The problem begins when you need to set up those changes to your standby system as well. In production systems you have ample opportunity to make sure that every change that is made will actually work. You have your test procedures and the systems are up. And you have your users, who will complain if something goes wrong. This is not the case with standby systems or DR systems, which are usually shut off while the servers may be up but the applications are usually down. So, as you apply the changes you have no practical way of making sure everything works perfectly. There are occasions to test that, of course. Most of our customers will do annual testing and some of them do it even more frequently, even monthly testing. But none of this is frequent enough to actually make sure that your standby systems are ready each and every time. The reality is that you apply changes all the time to production but you can’t really test your standbys. What we help customer measure is when these implementation gaps or inconsistencies occur. There is an alarmingly high rate of failing in DR testing which implies that in between testing, your systems, or at least some portion of your systems, will not be ready if something goes wrong. What we try to do is help organization make sure that their standby and DR systems are perfectly aligned with production at all times. We do that using our monitoring and analytical solution called RecoverGuard.
 

RecoverGuard is software technology. One of the strengths of the technology is that it is totally agent-less, meaning that you set up this centralized management application and you can actually scan thousands of hosts and petabytes storage without the need to deploy a single agent. By the way, a single server can scan and support very large data centers but you can obviously scale up. Agent-less technology also means we are able to set up RecoverGuard in about 24 hours. Your first report on the state of the data center will be available immediately after 24 hours.

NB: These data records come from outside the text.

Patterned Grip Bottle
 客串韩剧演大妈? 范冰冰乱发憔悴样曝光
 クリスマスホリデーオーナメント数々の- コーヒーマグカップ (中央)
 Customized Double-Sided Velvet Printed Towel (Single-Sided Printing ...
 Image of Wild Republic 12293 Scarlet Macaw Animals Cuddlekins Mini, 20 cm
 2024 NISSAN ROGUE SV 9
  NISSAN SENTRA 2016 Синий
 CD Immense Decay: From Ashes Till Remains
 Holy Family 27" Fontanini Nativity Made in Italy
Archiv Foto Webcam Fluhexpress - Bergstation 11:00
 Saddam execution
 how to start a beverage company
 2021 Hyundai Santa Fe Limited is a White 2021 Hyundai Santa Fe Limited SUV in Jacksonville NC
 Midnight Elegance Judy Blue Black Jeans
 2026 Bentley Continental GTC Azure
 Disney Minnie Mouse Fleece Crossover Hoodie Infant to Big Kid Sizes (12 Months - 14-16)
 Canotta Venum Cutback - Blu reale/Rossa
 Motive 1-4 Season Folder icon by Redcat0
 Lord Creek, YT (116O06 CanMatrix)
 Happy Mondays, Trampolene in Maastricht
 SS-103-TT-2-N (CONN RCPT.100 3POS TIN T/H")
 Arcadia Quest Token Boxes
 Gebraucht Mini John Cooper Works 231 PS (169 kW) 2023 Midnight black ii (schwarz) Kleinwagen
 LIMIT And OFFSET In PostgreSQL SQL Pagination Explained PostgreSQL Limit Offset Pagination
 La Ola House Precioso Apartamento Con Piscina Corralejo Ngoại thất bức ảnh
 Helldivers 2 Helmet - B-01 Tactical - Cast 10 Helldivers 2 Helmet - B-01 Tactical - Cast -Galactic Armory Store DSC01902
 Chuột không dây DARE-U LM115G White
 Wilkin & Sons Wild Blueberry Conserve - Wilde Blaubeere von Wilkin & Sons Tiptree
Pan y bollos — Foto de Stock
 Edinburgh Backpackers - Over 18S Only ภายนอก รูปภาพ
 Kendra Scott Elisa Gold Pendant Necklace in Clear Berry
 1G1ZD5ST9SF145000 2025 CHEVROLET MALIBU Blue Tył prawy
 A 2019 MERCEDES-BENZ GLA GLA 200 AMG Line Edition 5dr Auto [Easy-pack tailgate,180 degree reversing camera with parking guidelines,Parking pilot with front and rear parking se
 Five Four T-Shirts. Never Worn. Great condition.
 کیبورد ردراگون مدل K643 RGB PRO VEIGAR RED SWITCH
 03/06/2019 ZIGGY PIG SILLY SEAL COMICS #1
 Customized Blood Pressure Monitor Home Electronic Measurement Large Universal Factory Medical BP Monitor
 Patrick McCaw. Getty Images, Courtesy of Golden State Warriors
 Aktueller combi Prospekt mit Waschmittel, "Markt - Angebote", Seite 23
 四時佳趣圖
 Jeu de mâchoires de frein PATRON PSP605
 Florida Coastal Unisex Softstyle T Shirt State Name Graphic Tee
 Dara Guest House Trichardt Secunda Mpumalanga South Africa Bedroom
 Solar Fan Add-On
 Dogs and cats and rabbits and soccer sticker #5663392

RecoverGuard does two main things: 
One is to collect data from your storage arrays, servers and databases, to a great level of detail. It will look at all the devices and technologies so you can understand how it is presented, which host to mount, which device is where, how to put the data into use using logical volume management, multi-pathing software, file system databases, and so forth. What RecoverGuard will do is to create a topology understanding of the environment each day, so you’ll have a full documentation of your data centers, your clusters, your production servers, your storage, replication, the matching standby systems and how they are configured, to a very great detail. You will see this through reports, both visually or graphically, and through contextual reports. The main feature of RecoverGuard and probably the most interesting is that it can look particularly topology view that it is constantly updated and identify any vulnerability within your environment. This is an extremely powerful piece of technology.

We’ve chosen a very unique approach. We have a knowledgebase of potential vulnerabilities. This is quite a large repository of knowledge from hundreds of companies that we’ve been laborious accumulating. We call these risk “risk signatures.” We talk to our customers and understand what configuration problems and processes they have implemented or not done perfectly and how can they impact recoverability, data protection and availability. Whenever we find a new risk, we model it into our knowledgebase. RecoverGuard will compare that knowledgebase to your environment each and every day, so whenever you make a change it can be almost immediately tested to make sure it doesn’t match any of these signatures that represent the experience of hundreds of large enterprises. This is a valuable, community-driven knowledgebase.

 


In order to provide good coverage and give you a good understanding of whether you have issues in you environment and what the problems are, we have compiled two main areas of signature reporting and tools. To the left of the slide you can see a data protection areas that RecoverGuard has been focused on up through Version 3. You would be able to find out any of these data protection risks in your data center, production, local clustering or DR site. What we have introduced with Version 4 is an expansion of this solution to provide complete coverage of all the risks in your data centers, including availability management. Not only can we assure that the data is correctly protected and provide a good view on how it is protected, but also whether your standby servers are ready for the tasks. We will look for data protection and consistency issues, make sure that all of the critical assets are indeed replicated according to an SLA which matches the value of the data in an efficient way with no waste. We have optimization analysis of your solution. Looking into various technology areas, scanning from databases and best practices of storage, vendors and operating system vendors, load balancing, SAN, etc. As we look to availability management, we can help you make sure that you have standby systems which are configured correctly from the host configurations, meaning you have all the right software versions operating systems, packages, parameters and network settings in your standby host, and whether these are clustered. You also have a wide array of best   practice testing to make sure that your clusters are built correctly, that you can actually access the correct data, that you have enough redundancy and performance stored in place to take the load of you production systems should they fail, and finally some very interesting root cause analysis which I will demo now.

 

Prodact Demo

The next slide is the main screen of RecoverGuard. This is what you see one you have logged in.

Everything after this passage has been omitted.